In secondo luogo, conserviamo la capacità di distinguere. Il dato relativo alla mancata crescita tedesca tra aprile e giugno è quello che è, ma evitiamo azzardati paragoni con la situazione italiana. Dall’università di Harvard Jeffrey Frankel, già consigliere economico del presidente Bill Clinton, avverte che, se si adottassero i metodi di calcolo utilizzati negli Stati Uniti, l’Italia apparirebbe in una «medesima, orribile, unica recessione» a partire dalla crisi del 2008.

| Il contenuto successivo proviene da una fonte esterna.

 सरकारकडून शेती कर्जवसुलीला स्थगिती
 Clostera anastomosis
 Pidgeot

Infine, asteniamoci dal proiettare film a effetto come quello sulla «trattativa segreta». Basta seguire la stampa internazionale per sapere quanto intensi siano il dibattito e la riflessione sulla depressione dell’economia europea e sulle nuove politiche da mettere in campo per uscirne. Ma il «patto sulla flessibilità» tra governo italiano e Unione Europea e lo «sconto all’Italia» di cui si è letto in questi giorni (non sul Corriere ) sono fantasie. Così come lo è la nomina di Moscovici a commissario europeo per gli Affari economici, data la fermissima opposizione del più che potente ministro tedesco delle Finanze Wolfgang Schäuble ad affidare a un francese la sorveglianza sui bilanci europei.

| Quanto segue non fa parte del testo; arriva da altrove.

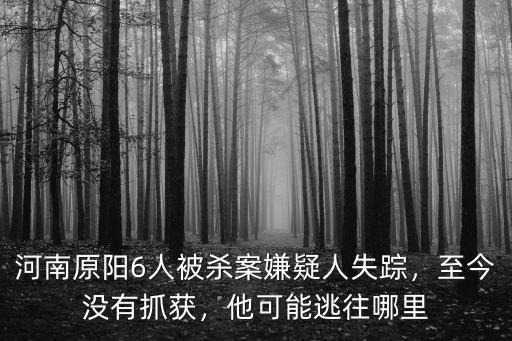 河南原陽6人被殺案嫌疑人失蹤，至今沒有抓獲，他可能逃往哪里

Cosa dovremmo, allora, aspettarci, noi italiani, dalla nuova stagione europea che si sta per aprire con il lussemburghese Jean-Claude Juncker alla guida della Commissione europea? Non certo un cambio delle regole. E, quindi, quasi inevitabile, quando l’assenza di crescita avrà dispiegato i suoi ulteriori, negativi effetti, una riapertura nei nostri confronti della procedura per disavanzo eccessivo. Con qualche differenza, tuttavia, e non da poco rispetto al passato. A sorvegliare sui conti non sarebbe più la cosiddetta Troika composta da Commissione europea, Banca centrale europea e Fondo monetario internazionale, ma, rispondendone al Parlamento di Strasburgo, la sola Commissione. Quanto al percorso di rientro, questo sarebbe definito in un protocollo di impegni con relative scadenze firmato tra la stessa Commissione e il governo italiano. Sapendo che, soprattutto dopo la deludente esperienza con la Francia di François Hollande, le riforme che saranno prese in considerazione saranno solo quelle realizzate e non quelle promesse.

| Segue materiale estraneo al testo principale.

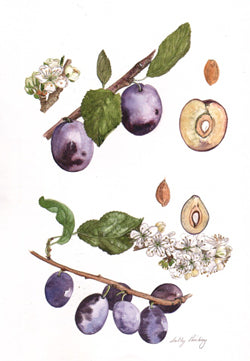 Czar Plum and Damson Bradleys King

Consapevoli che non potranno essere aggiustamenti marginali a fare la differenza, cosa potremmo e dovremmo, invece, chiedere al nuovo presidente della Commissione Juncker per cambiare il segno della politica economica europea? Una cosa sopra e prima di tutte: di mantenere fede all’impegno da lui preso di fronte al Parlamento europeo di un grande piano di investimenti da 300 miliardi di euro nei prossimi tre anni. Trecento miliardi veri, nuovi, non riciclati. Ecco, su questo e per questo il presidente del Consiglio Matteo Renzi dovrebbe assicurare a Juncker tutto il proprio appoggio e spendere tutto il proprio prestigio (e tutta la forza che gli deriva dal numero dei suoi europarlamentari).